Enter file in which to save the key (/home/hadoop/.ssh/id_rsa):
Created directory '/home/hadoop/.ssh'.
Enter passphrase (empty for no passphrase):
Enter same passphrase again:
Your identification has been saved in /home/hadoop/.ssh/id_rsa.
Your public key has been saved in /home/hadoop/.ssh/id_rsa.pub.
The key fingerprint is:
SHA256:mEMbwFBVnsWL/bEzUIUoKmDRq5mMitE17UBa3aW2KRo hadoop@Node2
The key's randomart image is:
+---[RSA 2048]----+
| o*oo.o.oo. o. |
| o =...o+o o |
| . = oo.=+ o |
| . *.o*.o+ . |
| + =E=* S o o |
|o * o.o = |
|o. . o |
|o |
| |
+----[SHA256]-----+
cat ~/.ssh/id_rsa.pub >> ~/.ssh/authorized_keys
Next, give proper permission to the authorized key:
chmod 0600 ~/.ssh/authorized_keys
Next, check the key based authentication using the following command:
ssh localhost
Before starting, you will need to download the latest version of the Hadoop from their official website. You can download it with the following command:
wget http://www-eu.apache.org/dist/hadoop/common/hadoop-3.1.0/hadoop-3.1.0.tar.gz
Once the download is completed, extract the downloaded file with the following command:
tar -xvzf hadoop-3.1.0.tar.gz
Next, move the extracted directory to the /opt with the following command:
mv hadoop-3.1.0 /opt/hadoop
Next, change the ownership of the hadoop directory using the following command:
chown -R hadoop:hadoop /opt/hadoop/
Next, you will need to set an environment variable for Hadoop. You can do this by editing .bashrc file:
First, log in to hadoop user:
su - hadoop
Next, open .bashrc file:
nano .bashrc
Add the following lines at the end of the file:
export HADOOP_HOME=/opt/hadoop
export HADOOP_INSTALL=$HADOOP_HOME
export HADOOP_MAPRED_HOME=$HADOOP_HOME
export HADOOP_COMMON_HOME=$HADOOP_HOME
export HADOOP_HDFS_HOME=$HADOOP_HOME
export YARN_HOME=$HADOOP_HOME
export HADOOP_COMMON_LIB_NATIVE_DIR=$HADOOP_HOME/lib/native
export PATH=$PATH:$HADOOP_HOME/sbin:$HADOOP_HOME/bin
Save and close the file, when you are finished. Then, initialize the environment variables using the following command:
source .bashrc
Next, you will also need to setup Java environment variable for Hadoop.

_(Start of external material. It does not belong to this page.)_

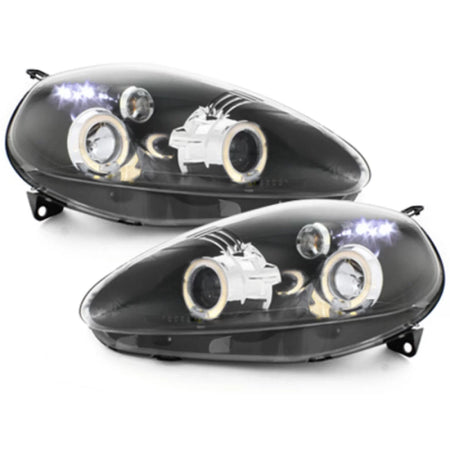 Fari Anteriore Angel Eyes Nero per Fiat Grande Punto 2005-2008 LHD Sinistro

You can do this by editing hadoop-env.sh
file:
First, find the default Java path using the following command:
readlink -f /usr/bin/java | sed "s:bin/java::"
Output:
/usr/lib/jvm/java-8-openjdk-amd64/jre/
Now, open hadoop-env.sh
file and paste above output in the hadoop-env.sh
file:
nano /opt/hadoop/etc/hadoop/hadoop-env.sh
Make the following changes:
#export JAVA_HOME=${JAVA_HOME}
export JAVA_HOME=/usr/lib/jvm/java-8-openjdk-amd64/jre/
Save and close the file, when you are finished.
Next, you will need to configure multiple configuration files to setup Hadoop infrastructure. First, log in with hadoop user and create a directory for hadoop file system storage:
mkdir -p /opt/hadoop/hadoopdata/hdfs/namenode
mkdir -p /opt/hadoop/hadoopdata/hdfs/datanode
First, you will need to edit core-site.xml file. This file contains the Hadoop port number information, file system allocated memory, data store memory limit and the size of Read/Write buffers.

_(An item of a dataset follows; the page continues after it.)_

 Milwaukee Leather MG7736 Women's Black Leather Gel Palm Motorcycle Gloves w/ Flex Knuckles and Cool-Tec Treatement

nano /opt/hadoop/etc/hadoop/core-site.xml
Make the following changes:
<configuration>
<property>
<name>fs.default.name</name>
<value>hdfs://localhost:9000</value>
</property>
</configuration>
Save the file, then open the hdfs-site.xml
file. This file contains the replication data value, namenode path and datanode path for local file systems.
nano /opt/hadoop/etc/hadoop/hdfs-site.xml
Make the following changes:
<configuration>
<property>
<name>dfs.replication</name>
<value>1</value>
</property>
<property>
<name>dfs.name.dir</name>
<value>file:///opt/hadoop/hadoopdata/hdfs/namenode</value>
</property>
<property>
<name>dfs.data.dir</name>
<value>file:///opt/hadoop/hadoopdata/hdfs/datanode</value>
</property>
</configuration>
Save the file, then open the mapred-site.xml file.
nano /opt/hadoop/etc/hadoop/mapred-site.xml
Make the following changes:
<configuration>
<property>
<name>mapreduce.framework.name</name>
<value>yarn</value>
</property>
</configuration>
Save the file, then open the yarn-site.xml
file:
nano /opt/hadoop/etc/hadoop/yarn-site.xml
Make the following changes:
<configuration>
<property>
<name>yarn.nodemanager.aux-services</name>
<value>mapreduce_shuffle</value>
</property>
</configuration>
Save and close the file, when you are finished.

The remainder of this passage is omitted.